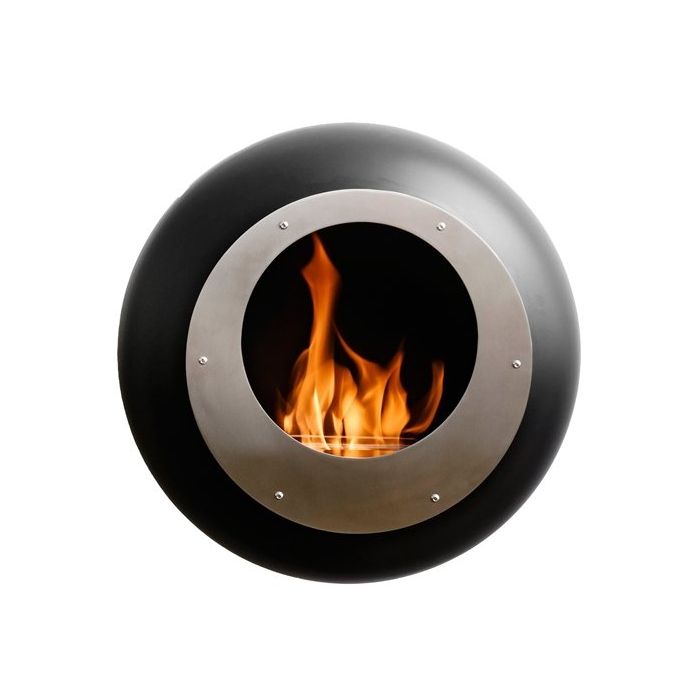 Biokominek Cocoon Vellum Black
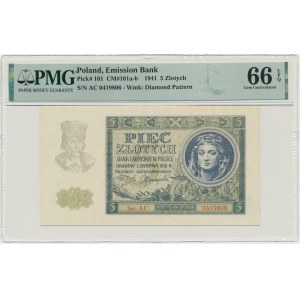 5 Gold 1941 - AC - PMG 66 EPQ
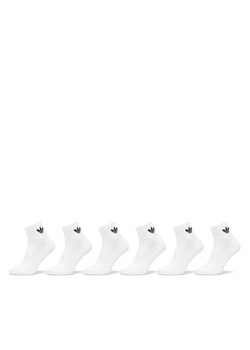 adidas Zestaw 6 par niskich skarpet unisex IJ5627 Biały ze sklepu MODIVO w kategorii Skarpetki damskie - zdjęcie 182690850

###

Task objective
Give back the data exactly. Pictures stay out.

Response to the exercise
 Biokominek Cocoon Vellum Black
 5 Gold 1941 - AC - PMG 66 EPQ
 adidas Zestaw 6 par niskich skarpet unisex IJ5627 Biały ze sklepu MODIVO w kategorii Skarpetki damskie - zdjęcie 182690850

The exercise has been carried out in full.